Google I/O: Mastering the Android Media Framework

This afternoon at Google I/O 2009 Dave Sparks gave the most technical presentation of the conference so far when he delved into the details of the Android Media Framework. Here are my notes from the talk.

This afternoon at Google I/O 2009 Dave Sparks gave the most technical presentation of the conference so far when he delved into the details of the Android Media Framework. Here are my notes from the talk.

Design Goals of the Media Framework include:

  • Simplify application development
  • Share resources in multi-tasked environment
  • Provide a strong security model
  • Leave room for future growth

The typical stack for a media function call is pretty complex:

DVM proxy > JNI > Native proxy (C++) > Binder Proxy > Binder Native > Native Implementation

Thankfully you don't need to make many calls to the framework. Using a native proxy will allow developers to call media from native games in the future.

Internally the media framework has its own handlers for .ogg and .mid files, and sends anything else to the OpenCORE library. That's why the .ogg format is preferred for lightweight sound effects.

Android video codecs include:

  • H.263 Video. Originally designed for low bit-rate video conferencing. Simple encoder and decoder, 3GPP standard, Used by many streaming sites for low bit-rate video.
  • MPEG4-SP (Simple Profiler) Video. Designed as a replacement for MPEG1/2 codecs. Simple encoder. Not much improvement over H.263. It's missing the deblocking filter.
  • H.264 AVC. Better compression (e.g., multiple reference frames, not supported currently in Android), better quality, different profiles, more complex.

Audio codecs include:

  • MP3 approx 10:1 compression @ 128Kbps. Sonic transparency 192Kbps.
  • AAC (Advanced Audio Codec). Better compression, sonic transparency 128Kbps. Commonly used in MPEG-4 streams.
  • Ogg Vorbis. Better compression than MP3. Low overhead player; low latency, uses less memory. Can loop seamlessly (unlike MP3).
  • Adaptive Multi-rate (AMR) audio. Speech codec, narrow band 8KHz, wide band 16KHz. Used in 3GP streams. AMR narrow is the only encoder available in software.

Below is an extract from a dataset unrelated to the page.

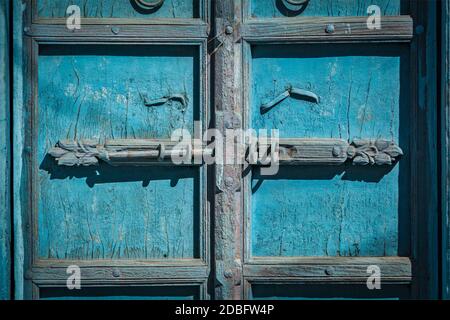 Latch with padlock on door in India Stock Photo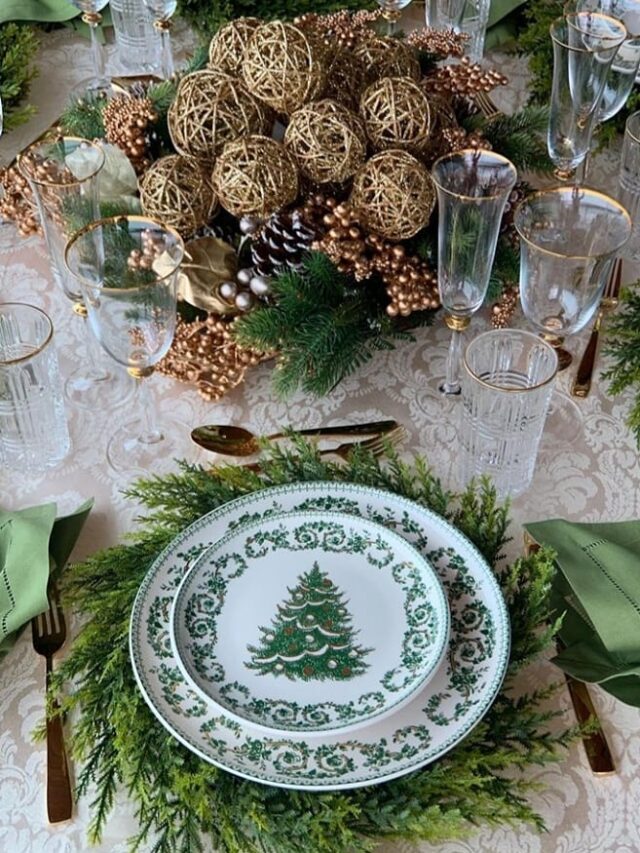 Mesa posta de Natal com pratos brancos decorados com pinheirinhos, taças com bordas douradas e centro de mesa com pinhas e bolas douradas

Typical streams look like this:

  • 3GPP - lower quality, H.263 video, AMR-NB audio, bit rates up to 192Kbps
  • MPEG-4 - higher quality, H.264 video, AAC audio, Bit rates up to 500Kbps

New features for Cupcake V1.5 include:

  • Video recording
  • AudioTrack -- direct access to raw audio
  • AudioRecord -- ditto
  • JET interactive MIDI engine

AudioTrack and AudioRecord are interesting to low level audio developers:

  • Expose raw PCM audio streams to applications
  • AudioTrack: Write PCM audio directly to mixer engine
  • AudioRecord: Read PCM audio directly from mic
  • Callback mechanism for threaded application
  • Static buffer for playing sound effects

The JET Interactive MIDI Engine is new for Cupcake:

  • It's based on MIDI - file sizes can be small
  • You can pre-author content that is very interactive
  • DLS support allows for better quality instruments (load your own samples)
  • Precise synchronization for layered MIDI tracks
  • Native code - very efficient
  • Synchronization callbacks to applications for rhythm games
  • Open source engine and creation tools
  • VST plugin - use it inside your favorite DAW tool (Digital Audio Works?)

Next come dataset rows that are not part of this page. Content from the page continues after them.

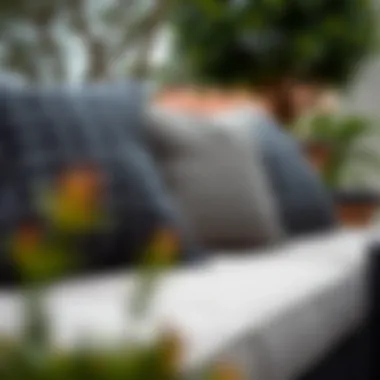 Textured Charcoal Grey Pillows on a Patio Close-up of textured charcoal grey outdoor pillows on a patio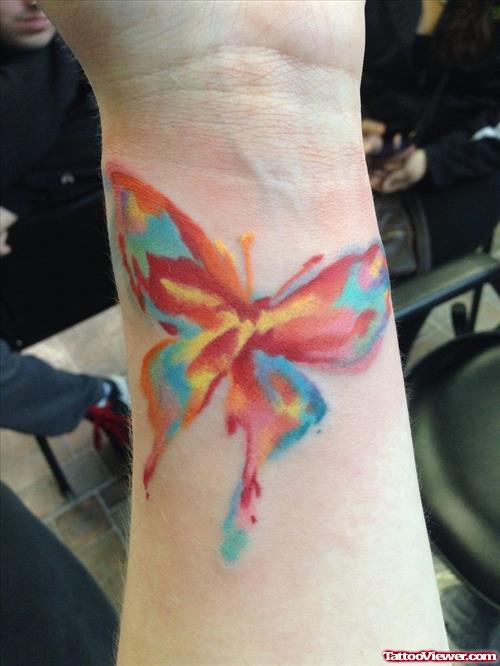 Colorful watercolor butterfly tattoo on arm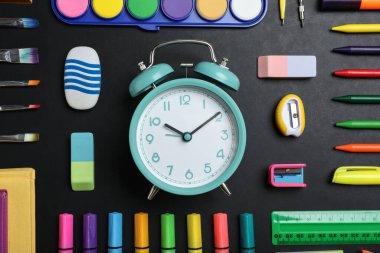 Çalar saat ve tahtada farklı kırtasiye malzemesi olan düz bir kompozisyon. Okul zamanı.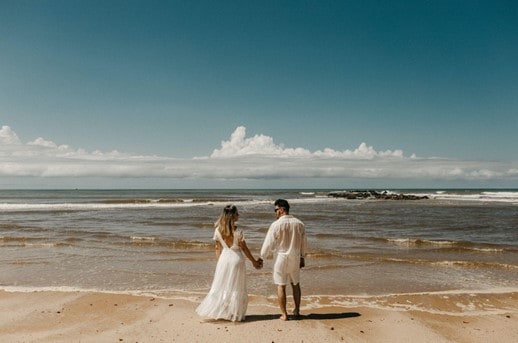 newlyweds holding hands in front of the beach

Dave spent some time in the talk going over common problems with the Media framework that he has seen users encounter. For example, one common problem is that volume control behavior is inconsistent.

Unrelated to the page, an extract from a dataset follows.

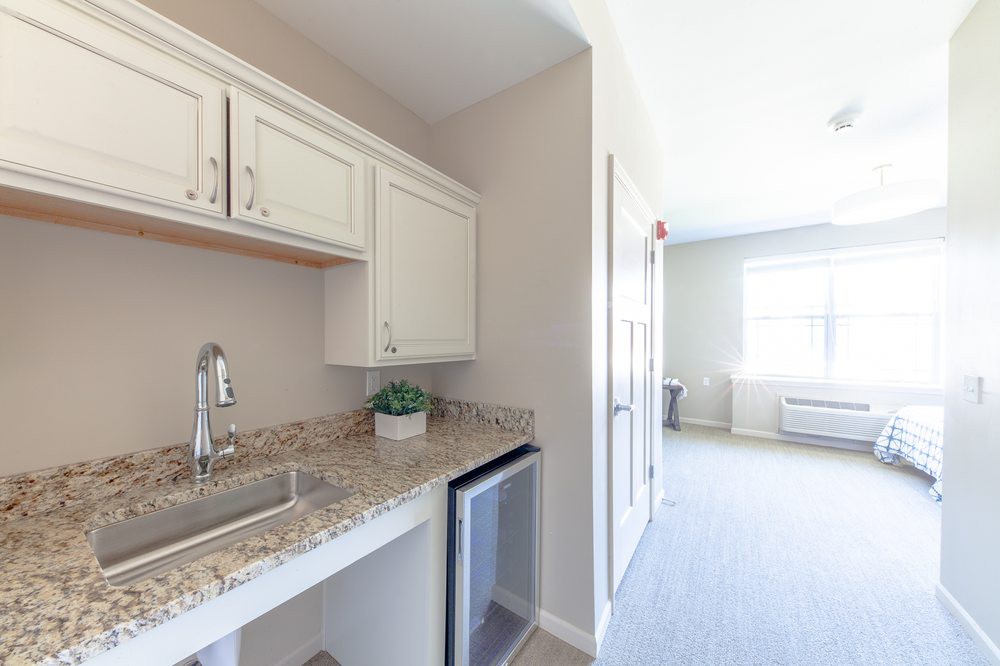 A small kitchenette with white cabinets, a granite countertop, and a sink.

  • Volume control is overloaded
  • If you're in a call, adjusts in call value
  • if rinning, mute ringer
  • if media track active, adjust media volue
  • otherwise adjust ringtone volume <--- default

In an application that plays sounds periodically the volume behavior is not consistent. The solution is to set the default stream type in your onCreate() method:

setVolumeControlStream(AudioManager.STREAM_MUSIC);

Unable to play file from a resource?

  • mp.setDataSource("res:com.myapp...") doesn't work
  • solution: use AssetFileDescriptor

Out of MediaPlayers?

  • Call release() and set to null, or call reset() then setDataSource()
  • Limit to 2 or 3 maximum
  • Especially in your onPause()

CPU Overloaded?

  • This happens when you're playing too many compressed streams at a time (like MP3)
  • Solution: use SoundPool. 1.0/1.1 had problems but 1.5 is much better.
  • Decodes and loads into memory so they're ready to play.
  • 5% per stream overhead (instead of 20-30%)

During the Q&A Dan revealed that OpenGL 2.0 support was coming in the Eclair version (currently at HEAD in source control). The 2d framework will be running in a 3d context. He also said this would allow the support of video as a texture.